At the 2013 White House Correspondents' Dinner, President Barack Obama was introduced to "Hail to the Chief", which quickly cut to a snippet of "All I Do Is Win".

On April 28, 2014, actress Emma Stone lip synched the song in a "Lip Sync Battle" against late-night talk show host Jimmy Fallon.

The song is featured in the soundtrack of basketball video game NBA 2K16.

The YouTube channel Baracksdubs created and uploaded a mashup video of U.S. President Donald Trump singing the song.

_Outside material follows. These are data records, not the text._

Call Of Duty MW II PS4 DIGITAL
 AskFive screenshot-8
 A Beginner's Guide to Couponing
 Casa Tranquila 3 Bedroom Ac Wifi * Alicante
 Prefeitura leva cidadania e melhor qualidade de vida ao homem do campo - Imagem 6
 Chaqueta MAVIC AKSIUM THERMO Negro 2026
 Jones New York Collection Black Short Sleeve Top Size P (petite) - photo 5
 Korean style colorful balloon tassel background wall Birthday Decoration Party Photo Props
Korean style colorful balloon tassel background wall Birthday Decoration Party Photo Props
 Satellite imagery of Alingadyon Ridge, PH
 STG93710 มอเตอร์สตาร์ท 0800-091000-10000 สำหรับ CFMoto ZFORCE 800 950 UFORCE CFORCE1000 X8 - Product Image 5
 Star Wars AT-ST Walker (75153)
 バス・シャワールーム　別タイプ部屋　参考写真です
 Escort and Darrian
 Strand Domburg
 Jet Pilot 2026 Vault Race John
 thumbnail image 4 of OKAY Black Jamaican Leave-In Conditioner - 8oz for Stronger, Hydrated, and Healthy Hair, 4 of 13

It has also been featured in episodes of series including Superstore, Black-ish, and The Big Bang Theory, American Housewife, and films including The Peanuts Movie, Magic Mike XXL, Scoob!, and Charlie's Angels, and The Fall Guy (2024).

The remix was used in the episode of the 2017 version of the 1980s animated series DuckTales ("The 87 Cent Solution"), during the scene in which Flintheart Glomgold barged uninvited into Scrooge McDuck's funeral and made an irreverent spectacle of himself by dancing to the song in a glittery tuxedo.

==Chart performance==
"All I Do Is Win" debuted at number 63 on the US Billboard Hot 100 chart date of March 6, 2010, and peaked at this chart at number 24 for the chart dated July 24, 2010. The song also peaked at number eight on US Hot R&B/Hip-Hop Songs in 2010. In May 2014, the song re-entered the Hot R&B/Hip-Hop Songs chart at number 23. On June 19, 2015, the single was certified triple platinum by the Recording Industry Association of America (RIAA) for sales of over three million copies in the United States.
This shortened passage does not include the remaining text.